Aim of the exercise:
For every line in the data below, check for the word "Outdoor", then state how many lines have it. Answer with the number only.

[Dataset records]
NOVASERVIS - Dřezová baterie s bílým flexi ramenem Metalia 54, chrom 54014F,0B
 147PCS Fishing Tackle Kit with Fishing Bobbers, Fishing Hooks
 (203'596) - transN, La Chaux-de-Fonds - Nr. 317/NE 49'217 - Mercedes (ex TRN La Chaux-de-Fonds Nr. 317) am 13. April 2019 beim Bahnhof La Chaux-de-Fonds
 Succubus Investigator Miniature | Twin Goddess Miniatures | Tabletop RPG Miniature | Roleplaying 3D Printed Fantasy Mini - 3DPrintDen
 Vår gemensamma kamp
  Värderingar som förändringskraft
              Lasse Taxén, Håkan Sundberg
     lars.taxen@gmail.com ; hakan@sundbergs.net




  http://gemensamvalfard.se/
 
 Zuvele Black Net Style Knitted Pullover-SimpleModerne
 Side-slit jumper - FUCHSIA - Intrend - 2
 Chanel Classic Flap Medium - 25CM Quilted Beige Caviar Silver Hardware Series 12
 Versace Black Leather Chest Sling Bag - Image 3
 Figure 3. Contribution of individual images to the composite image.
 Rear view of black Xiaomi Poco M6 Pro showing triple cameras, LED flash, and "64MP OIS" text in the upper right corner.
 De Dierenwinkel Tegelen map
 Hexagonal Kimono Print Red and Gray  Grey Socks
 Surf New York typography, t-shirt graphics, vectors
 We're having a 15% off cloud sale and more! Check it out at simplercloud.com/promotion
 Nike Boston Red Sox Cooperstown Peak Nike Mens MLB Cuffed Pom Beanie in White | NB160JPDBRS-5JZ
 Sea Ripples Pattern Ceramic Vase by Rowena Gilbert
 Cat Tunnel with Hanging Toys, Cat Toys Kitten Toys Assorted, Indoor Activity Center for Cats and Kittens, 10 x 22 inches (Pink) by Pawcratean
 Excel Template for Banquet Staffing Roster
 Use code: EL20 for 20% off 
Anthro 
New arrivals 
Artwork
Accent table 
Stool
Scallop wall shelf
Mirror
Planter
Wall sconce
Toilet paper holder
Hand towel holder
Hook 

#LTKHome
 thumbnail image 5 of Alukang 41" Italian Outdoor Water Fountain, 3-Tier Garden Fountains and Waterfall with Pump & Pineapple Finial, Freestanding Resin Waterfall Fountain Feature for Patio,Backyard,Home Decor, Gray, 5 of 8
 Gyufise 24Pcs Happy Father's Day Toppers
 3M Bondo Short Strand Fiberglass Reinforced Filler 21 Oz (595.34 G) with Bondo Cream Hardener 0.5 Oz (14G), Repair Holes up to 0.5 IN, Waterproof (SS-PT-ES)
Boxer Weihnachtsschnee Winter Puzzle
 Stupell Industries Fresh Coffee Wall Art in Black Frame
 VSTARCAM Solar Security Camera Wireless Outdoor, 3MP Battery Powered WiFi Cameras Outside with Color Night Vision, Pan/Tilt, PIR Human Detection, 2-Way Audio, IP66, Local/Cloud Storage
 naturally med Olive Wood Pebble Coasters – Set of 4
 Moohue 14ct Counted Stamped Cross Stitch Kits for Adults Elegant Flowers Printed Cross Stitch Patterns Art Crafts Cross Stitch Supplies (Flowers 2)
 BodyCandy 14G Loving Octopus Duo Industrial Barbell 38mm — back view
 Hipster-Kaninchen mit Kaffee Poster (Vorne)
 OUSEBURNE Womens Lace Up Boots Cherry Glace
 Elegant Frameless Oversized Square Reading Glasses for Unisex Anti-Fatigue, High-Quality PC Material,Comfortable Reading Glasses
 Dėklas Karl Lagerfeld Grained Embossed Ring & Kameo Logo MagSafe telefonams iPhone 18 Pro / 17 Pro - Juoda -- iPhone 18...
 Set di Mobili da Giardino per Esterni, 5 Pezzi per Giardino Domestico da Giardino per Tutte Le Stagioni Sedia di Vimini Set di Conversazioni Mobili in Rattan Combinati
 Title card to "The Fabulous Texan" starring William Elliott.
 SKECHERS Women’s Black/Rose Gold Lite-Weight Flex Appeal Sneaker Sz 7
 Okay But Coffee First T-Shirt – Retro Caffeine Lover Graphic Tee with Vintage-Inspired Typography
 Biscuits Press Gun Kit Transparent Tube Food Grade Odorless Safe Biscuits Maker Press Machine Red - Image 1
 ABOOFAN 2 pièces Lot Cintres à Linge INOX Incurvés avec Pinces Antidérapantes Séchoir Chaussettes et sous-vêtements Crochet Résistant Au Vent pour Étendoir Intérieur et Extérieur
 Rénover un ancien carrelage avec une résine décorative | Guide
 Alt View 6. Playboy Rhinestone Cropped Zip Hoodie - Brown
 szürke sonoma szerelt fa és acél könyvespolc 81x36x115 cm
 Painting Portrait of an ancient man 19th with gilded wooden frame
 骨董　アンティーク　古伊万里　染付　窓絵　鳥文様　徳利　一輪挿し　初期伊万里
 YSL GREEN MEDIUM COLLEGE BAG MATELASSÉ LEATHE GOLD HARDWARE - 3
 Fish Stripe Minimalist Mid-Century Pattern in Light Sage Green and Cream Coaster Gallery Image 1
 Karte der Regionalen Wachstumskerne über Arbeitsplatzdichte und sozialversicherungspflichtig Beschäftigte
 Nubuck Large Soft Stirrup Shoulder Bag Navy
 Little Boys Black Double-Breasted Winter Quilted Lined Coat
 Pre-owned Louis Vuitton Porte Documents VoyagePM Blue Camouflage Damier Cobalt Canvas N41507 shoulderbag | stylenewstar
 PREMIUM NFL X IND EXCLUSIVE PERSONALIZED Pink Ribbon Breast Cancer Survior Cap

Solution to this task:
2